“Now you’ve been to Creux—” she began. “You’ve been there twice, and you’ve seen your uncle, have you not?”
“Yes.”
“Well, do you think he is the sort of man to make a young wife happy?”
“Emphatically no,” admitted Bayre, promptly. “But surely you could see that before you married him?”
The poor lady clasped her hands and looked at him rather dismally.
“Do you know,” she asked earnestly, “the sort of life a girl leads among poor and proud relations who don’t always take the trouble to hide that she’s a burden upon them, even though they won’t consent to her trying to earn her own living? Well, if you can imagine that, you know the position I was in when I met your uncle and when he asked me to be his wife. There wasn’t even a question of my refusing: it was taken for granted by everybody that it was a splendid thing for me, and when I ventured to suggest that, being thirty or forty years older than I, he was rather old for me, I was looked upon as a monster of ingratitude for finding any fault.

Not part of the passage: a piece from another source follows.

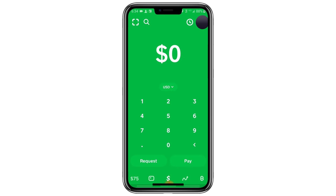Hello everyone. In today's video I will show you how to find your transaction ID in CashApp when you send Bitcoin. If you've ever sent Bitcoin through CashApp and someone asks you for the transaction ID, also called the hash ID, this video will show you exactly where to find it.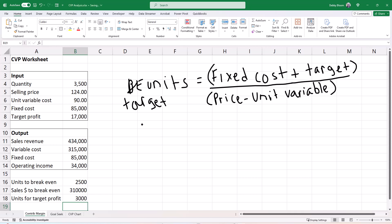In a future video, we'll show you how to use the ROUNDUP function to make sure that your number of units to break even does not have any decimals.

So we were married, and until we got to Creux it was bearable enough. I was a new toy, and he was kind to me. I was grateful too, really,” she insisted with pathetic earnestness.
“Of course, of course, I’m quite sure you were,” said Bayre, gently.
The lady went on,—
“But when we once got back to Creux life became almost intolerable at once, and all from the same cause—his cousin, Miss Ford.”
“Of course she wouldn’t approve of his marriage,” said Bayre.